*** Block opens ***

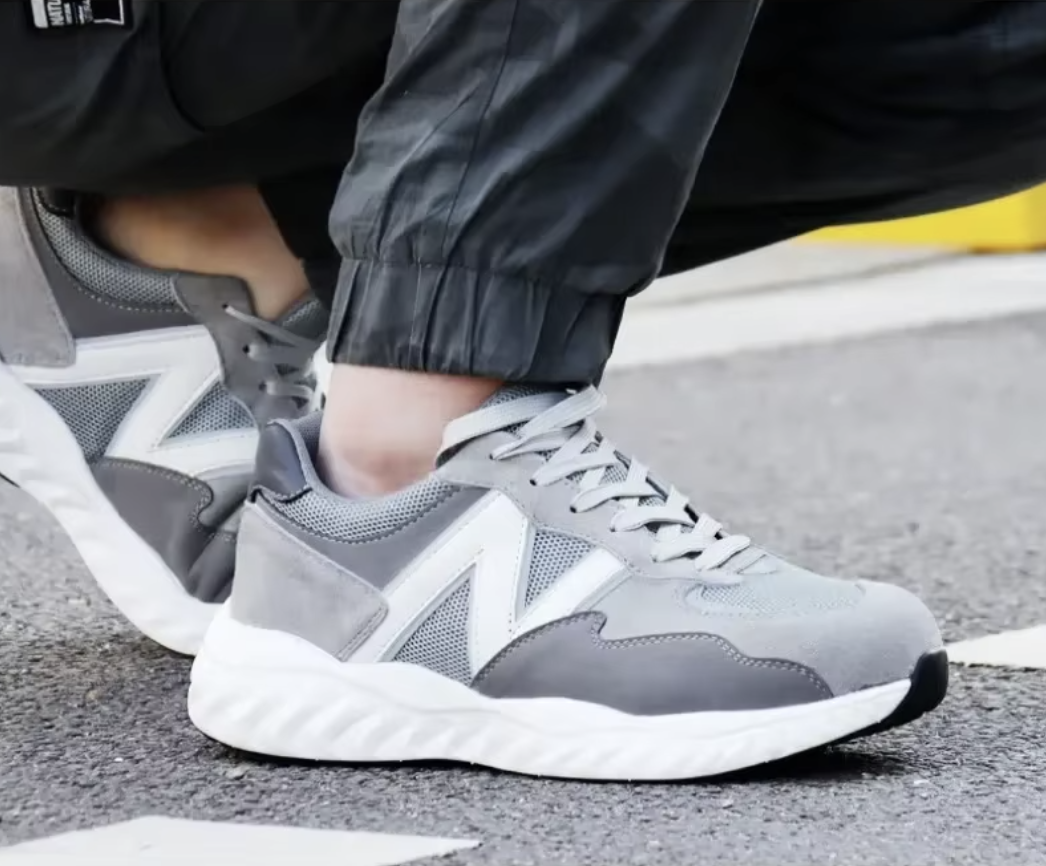 BALANCE Motion Runner – Work-Ready Comfort with a Sporty Edge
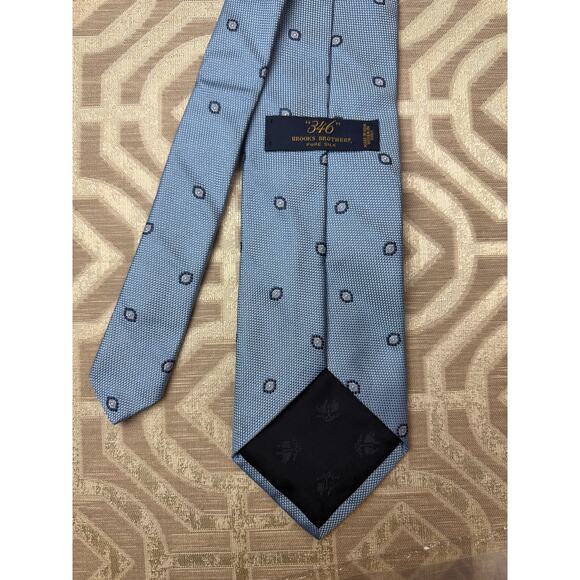 Brooks Brothers 346 Men’s Tie Geometric Blue pure Silk Made in USA Necktie - Picture 2 of 7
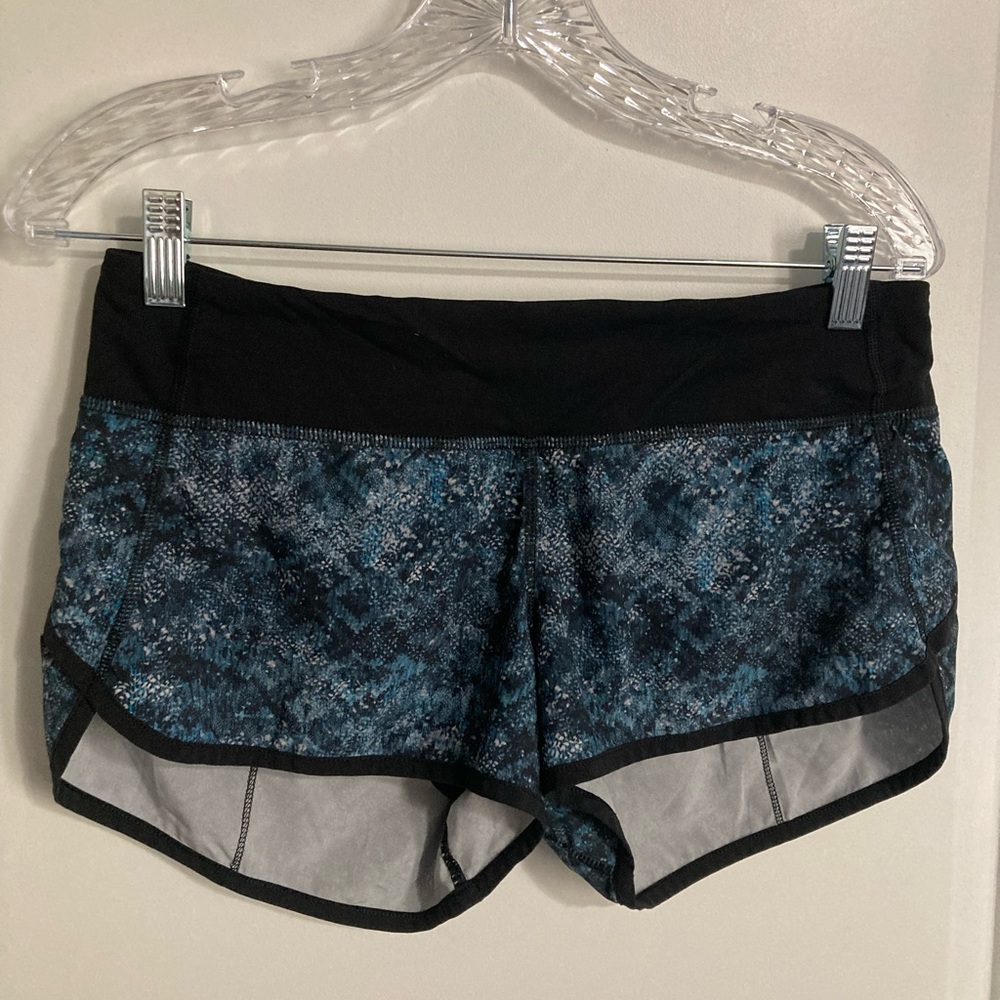 LULULEMON Low Rise Athletic Shorts, Blue/Black/White Speckled, Size 6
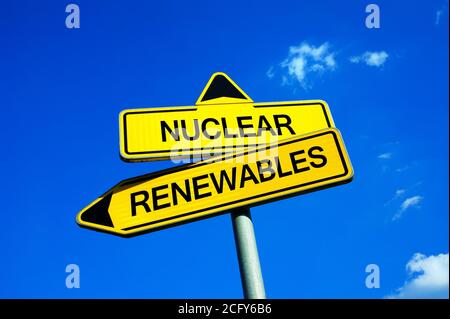 Nucléaire ou renouvelable - signalisation routière avec deux options - décider entre l'électricité atomique et alternative ( énergie solaire, éolienne ) . Question des déchets Banque D'Images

*** Block closes ***

Give back the listing exactly, without a single picture.

[Task answer]
 BALANCE Motion Runner – Work-Ready Comfort with a Sporty Edge
 Brooks Brothers 346 Men’s Tie Geometric Blue pure Silk Made in USA Necktie - Picture 2 of 7
 LULULEMON Low Rise Athletic Shorts, Blue/Black/White Speckled, Size 6
 Nucléaire ou renouvelable - signalisation routière avec deux options - décider entre l'électricité atomique et alternative ( énergie solaire, éolienne ) . Question des déchets Banque D'Images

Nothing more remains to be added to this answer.